» **Task goal**:
Could you print only the lines from the one containing "0670541432976 - MIGHTYSKINS" through the end of the listing below, unchanged?

» **Raw data**:
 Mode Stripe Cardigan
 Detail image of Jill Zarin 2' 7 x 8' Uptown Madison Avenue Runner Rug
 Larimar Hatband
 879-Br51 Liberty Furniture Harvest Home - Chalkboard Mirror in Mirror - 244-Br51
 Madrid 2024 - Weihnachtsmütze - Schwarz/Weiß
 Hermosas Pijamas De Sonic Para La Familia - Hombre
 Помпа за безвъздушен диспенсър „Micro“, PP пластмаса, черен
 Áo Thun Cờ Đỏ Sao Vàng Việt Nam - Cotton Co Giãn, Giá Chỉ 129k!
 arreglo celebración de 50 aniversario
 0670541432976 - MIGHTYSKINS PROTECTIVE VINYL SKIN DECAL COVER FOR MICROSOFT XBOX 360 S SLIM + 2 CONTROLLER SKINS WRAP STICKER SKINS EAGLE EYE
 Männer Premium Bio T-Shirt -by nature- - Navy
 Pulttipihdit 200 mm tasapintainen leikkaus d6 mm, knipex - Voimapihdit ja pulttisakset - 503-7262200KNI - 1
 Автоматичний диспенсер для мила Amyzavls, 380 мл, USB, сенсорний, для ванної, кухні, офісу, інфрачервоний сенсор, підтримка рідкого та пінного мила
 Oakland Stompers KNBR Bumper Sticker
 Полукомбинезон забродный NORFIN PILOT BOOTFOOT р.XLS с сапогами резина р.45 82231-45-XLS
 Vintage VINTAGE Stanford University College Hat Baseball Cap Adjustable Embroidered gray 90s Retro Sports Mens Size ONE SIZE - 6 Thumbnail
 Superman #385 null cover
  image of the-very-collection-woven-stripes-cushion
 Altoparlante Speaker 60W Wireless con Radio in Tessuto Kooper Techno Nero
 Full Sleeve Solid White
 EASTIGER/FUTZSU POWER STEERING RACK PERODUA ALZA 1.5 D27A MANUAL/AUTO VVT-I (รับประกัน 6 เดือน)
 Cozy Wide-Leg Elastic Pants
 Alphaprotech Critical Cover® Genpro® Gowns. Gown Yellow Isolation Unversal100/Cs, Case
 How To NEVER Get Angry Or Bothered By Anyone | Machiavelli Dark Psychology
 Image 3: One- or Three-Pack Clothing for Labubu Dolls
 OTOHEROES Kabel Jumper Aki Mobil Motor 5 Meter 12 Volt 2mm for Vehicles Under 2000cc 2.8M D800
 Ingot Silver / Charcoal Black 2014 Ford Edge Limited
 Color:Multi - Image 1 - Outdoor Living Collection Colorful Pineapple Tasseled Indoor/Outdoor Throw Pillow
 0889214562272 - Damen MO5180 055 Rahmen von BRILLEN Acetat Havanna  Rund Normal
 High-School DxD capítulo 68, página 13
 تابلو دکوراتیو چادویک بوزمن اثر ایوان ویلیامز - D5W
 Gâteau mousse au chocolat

» **The completed task**:
 0670541432976 - MIGHTYSKINS PROTECTIVE VINYL SKIN DECAL COVER FOR MICROSOFT XBOX 360 S SLIM + 2 CONTROLLER SKINS WRAP STICKER SKINS EAGLE EYE
 Männer Premium Bio T-Shirt -by nature- - Navy
 Pulttipihdit 200 mm tasapintainen leikkaus d6 mm, knipex - Voimapihdit ja pulttisakset - 503-7262200KNI - 1
 Автоматичний диспенсер для мила Amyzavls, 380 мл, USB, сенсорний, для ванної, кухні, офісу, інфрачервоний сенсор, підтримка рідкого та пінного мила
 Oakland Stompers KNBR Bumper Sticker
 Полукомбинезон забродный NORFIN PILOT BOOTFOOT р.XLS с сапогами резина р.45 82231-45-XLS
 Vintage VINTAGE Stanford University College Hat Baseball Cap Adjustable Embroidered gray 90s Retro Sports Mens Size ONE SIZE - 6 Thumbnail
 Superman #385 null cover
  image of the-very-collection-woven-stripes-cushion
 Altoparlante Speaker 60W Wireless con Radio in Tessuto Kooper Techno Nero
 Full Sleeve Solid White
 EASTIGER/FUTZSU POWER STEERING RACK PERODUA ALZA 1.5 D27A MANUAL/AUTO VVT-I (รับประกัน 6 เดือน)
 Cozy Wide-Leg Elastic Pants
 Alphaprotech Critical Cover® Genpro® Gowns. Gown Yellow Isolation Unversal100/Cs, Case
 How To NEVER Get Angry Or Bothered By Anyone | Machiavelli Dark Psychology
 Image 3: One- or Three-Pack Clothing for Labubu Dolls
 OTOHEROES Kabel Jumper Aki Mobil Motor 5 Meter 12 Volt 2mm for Vehicles Under 2000cc 2.8M D800
 Ingot Silver / Charcoal Black 2014 Ford Edge Limited
 Color:Multi - Image 1 - Outdoor Living Collection Colorful Pineapple Tasseled Indoor/Outdoor Throw Pillow
 0889214562272 - Damen MO5180 055 Rahmen von BRILLEN Acetat Havanna  Rund Normal
 High-School DxD capítulo 68, página 13
 تابلو دکوراتیو چادویک بوزمن اثر ایوان ویلیامز - D5W
 Gâteau mousse au chocolat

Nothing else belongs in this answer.